Reputation: 601
I've written a class method that will take "batches" of data (each row that makes a "value" to be inserted, via SQL, to the database comes from a two-dimensional array labeled "data_values").
However, there will be instances when my program will be getting redundant data, i.e. data that might already be in the database. Because there's a primary key in the database, the program will break if it cannot upload the data because of a duplicate entry.

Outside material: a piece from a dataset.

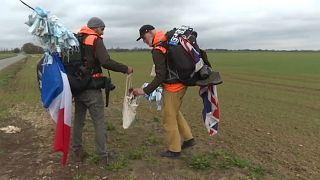 Müllsammeln auf 880 Kilometern: Zwei Männer laufen durch Frankreich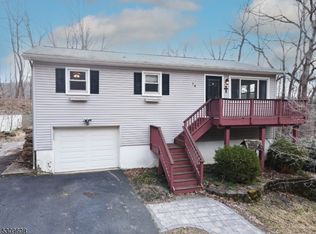 14 Old Coach Rd, Vernon, NJ 07462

Is there a way to use a try/catch so that the program will continue uploading data, effectively "skipping" the duplicates? If so, how can I implement it?
Thank you in advance. If I could clarify my question, please let me know.
My current code is here:
public void insertData(ArrayList<String> data_types, String[][] data_values) {
try{
c.setAutoCommit(false);
// creates insert statement
String insertDataScript = "INSERT INTO "+tableName+" VALUES (";
for(int q = 0; q < data_types.size()-1; q++) {
insertDataScript += "?, ";
}
insertDataScript += "?)";
PreparedStatement stmt = c.prepareStatement(insertDataScript);
for (int i = 0; i < data_values.length; i++) {
for(int j = 1; j < data_types.size()+1; j++) {
if(data_types.get(j-1).toLowerCase().equals("double")) {
stmt.setDouble(j, Double.valueOf(data_values[i][j-1]));
}
else if(data_types.get(j-1).toLowerCase().equals("string")) {
stmt.setString(j, data_values[i][j-1]);
}
else {
System.out.println("Error");
}
}
stmt.addBatch();
}
stmt.executeBatch();
c.commit();
c.setAutoCommit(true);
stmt.close();
}
catch ( Exception e ) {
System.err.println( e.getClass().getName() + ": " + e.getMessage() );
System.exit(0);
}
}
Upvotes: 0
Views: 1080
Reputation: 57043
Simply change (albeit it not really exception handling, but rather exception bypassing)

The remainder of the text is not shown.